Written methods for addition of whole numbers  

The aim is that children use mental methods when appropriate, but for calculations that they cannot do in their heads they use an efficient written method accurately and with confidence. Children are entitled to be taught and to acquire secure mental methods of calculation and an efficient written method of calculation for addition which they know they can rely on when mental methods are not appropriate.

To add successfully, children need to be able to:

  1. recall all addition pairs to 9 + 9 and complements in 10;
  2. add mentally a series of one-digit numbers, such as 5 + 8 + 4;
  3. add multiples of 10 (such as 60 + 70) or of 100 (such as 600 + 700) using the related addition fact, 6 + 7, and their knowledge of place value;
  4. partition two-digit and three-digit numbers into multiples of 100, 10 and 1 in different ways;
  5. know the inverse of addition is subtraction (from Y1 onwards).

Foundation Stage                                                                                     

Children are taught to say numbers in familiar contexts such as number rhymes or in role-play. This will develop into the counting of everyday objects. The children will be taught to say the number names in order and recognise the numerals from 1-9. Then children will be taught to recognise, count and order numbers up to 20. Wherever possible they will be given the opportunity to solve simple problems involving the use of the skills listed above.
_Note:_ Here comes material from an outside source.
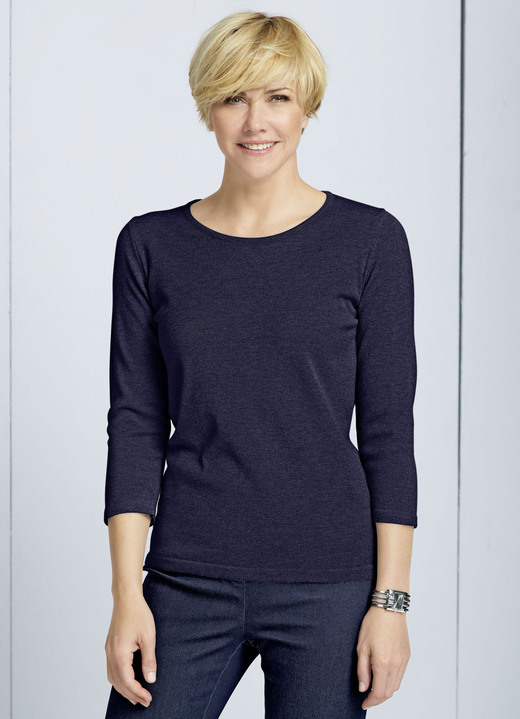 Basics - Pullover mit Modal, in Größe 038 bis 052, in Farbe MARINE Ansicht 1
The children will be taught to use the vocabulary involved in addition through practical activities and discussion e.g: more, and, add, sum, total, altogether.

They will be taught to recognise differences in quantity in everyday objects and to find one more. This will be taught in practical contexts that relate to the children’s experiences using various resources. From the very first stages, the children will be introduced to number lines and encouraged to visualise the calculation.